Planned Giving: What’s a School to Do?
Where to focus attention during a recession
September 2009

NO ONE ENVIES YOU, DEAR READER. Higher ed administrators are seeing students with greater financial need and donors with shallower pockets and shorter arms. What are you and your fundraising folks to do in order to narrow that gap?

Start by diverting your attention away from where it’s not needed. Don’t sweat President Obama’s charitable deductions proposal. Media attention on the proposal to lower the value of tax deductions for charitable donations by wealthy individuals has focused on high net-worth giving. But the fact is, most charitable giving in the United States comes from nonwealthy donors. Will Obama’s proposal change that fact? Of course not.

It would limit charitable deductions to 28 percent for taxpayers at the highest marginal income tax rate, currently 35 percent, whose annual income exceeds $250,000. For example, a $1,000 gift from these donors would earn a $280 charitable deduction rather than a $350 deduction. This isn’t great for fundraisers, but it won’t have the devastating effect on charitable giving that critics predict. Consider these points:

• Proposals may not become laws.

• If the proposal does become law, it won’t take effect until 2011. There would be time to educate donors and retune fundraising messages. And high-income donors would have two years to continue making gifts that are deductible up to their highest marginal income tax rate. I see here an opportunity to encourage donors to accelerate pledge payments to earn maximum deductions.
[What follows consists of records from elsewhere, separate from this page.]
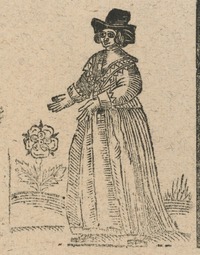 34489-20.jpg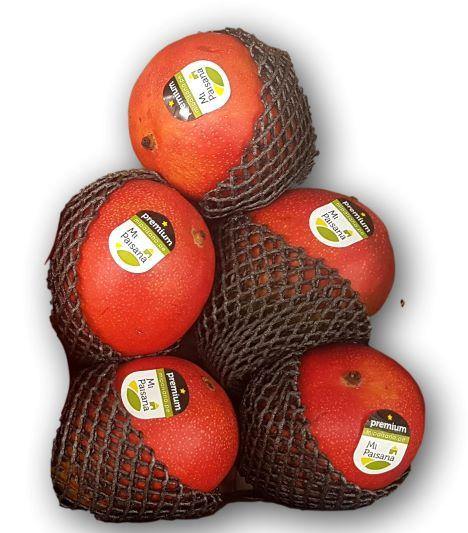 Mangas Especiales - Frutas Lave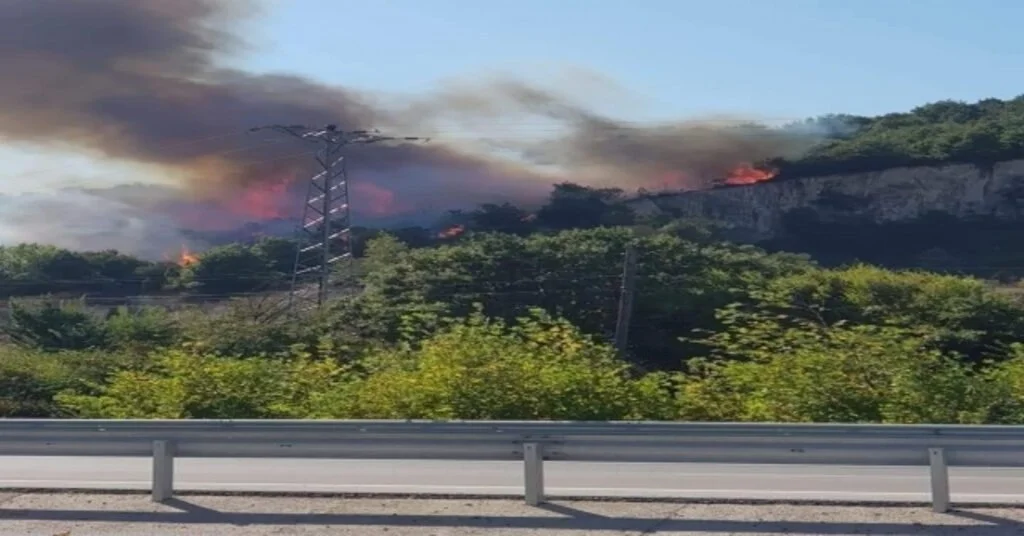 Bigada Orman Yangını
• High-income donors contribute a small percentage of all charitable gifts, and tax advantages aren’t why they give.

Nearly two-thirds of all charitable gifts made in 2004 came from donors whose income was under $200,000, according to Giving USA 2007. (This is the most recent year for which I can find this statistic, but giving patterns don’t shift much over five years.)

Americans give to nonprofits because they value the missions they're supporting.
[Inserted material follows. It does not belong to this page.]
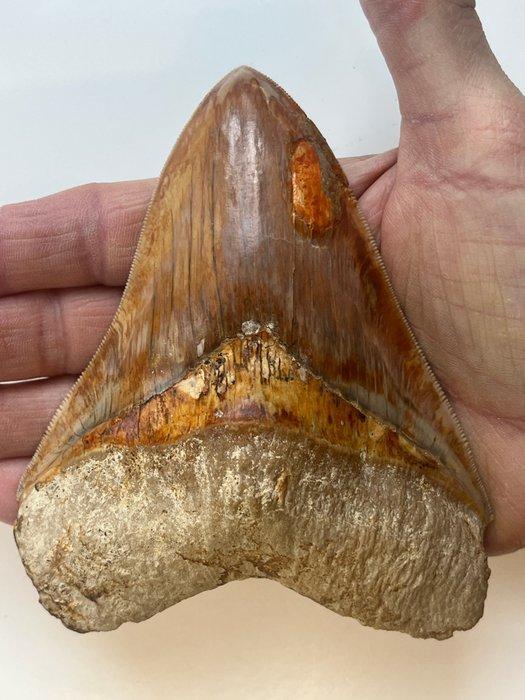 Grote Megalodon-tand 12,4 cm - Fossiele tand - Carcharocles, Antiek en Kunst, Curiosa en Brocante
As development professionals have long recognized, enormous gifts from the wealthiest donors make headlines, while gifts from those at middle and low incomes comprise most of the giving to our nation’s nonprofits. As for the motivations for giving, in the 2007 U.S. Trust Survey of Affluent Americans study, only 33 percent of respondents cited tax advantages as their first thought when deciding whether to donate.

Americans give to nonprofits because they value the missions they’re supporting; they believe in a scholarship program, a groundbreaking line of research, or a promising modern dance department; they want to set an example for others, including their children; they want to repay the college and society they regard as having enabled their success; and they want to help those who have less. Taxes? They certainly figure in, but they’re not top of mind.
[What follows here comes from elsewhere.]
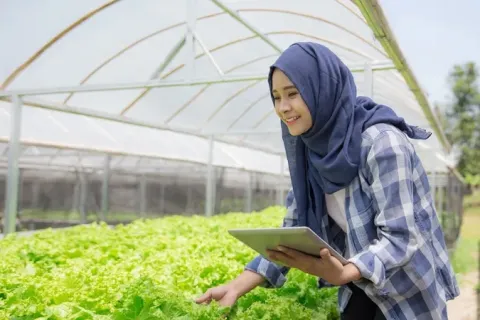 Agreenfi, illustration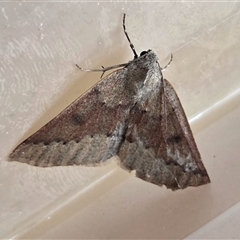 Androchela milvaria at Yass River, NSW - 28 Apr 2025 by SenexRugosus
Where should you divert your attention?

The planned giving area has a few tempting offerings for those who are talking to prospects and donors. For the higher ed clients of our firm, that means all the C-level leaders, rather than just development staff, will join us for 90 minutes of training on how to open planned gift conversations. We cannot make them experts, nor should they be. Their expertise is in their profession. (Besides, if they became experts they wouldn’t need us.) We can get them comfortable opening the door and inviting the experts to join in the next step.

I hope your gift planning experts are offering to train you and your colleagues. And I hope you accept their overtures. You will help cultivate a valuable culture of fundraising at your school when the largest possible number of administrators is encouraging giving.

Now that you’re paying attention to planned giving, here are gifts that can help your college—and your donors—through our recession.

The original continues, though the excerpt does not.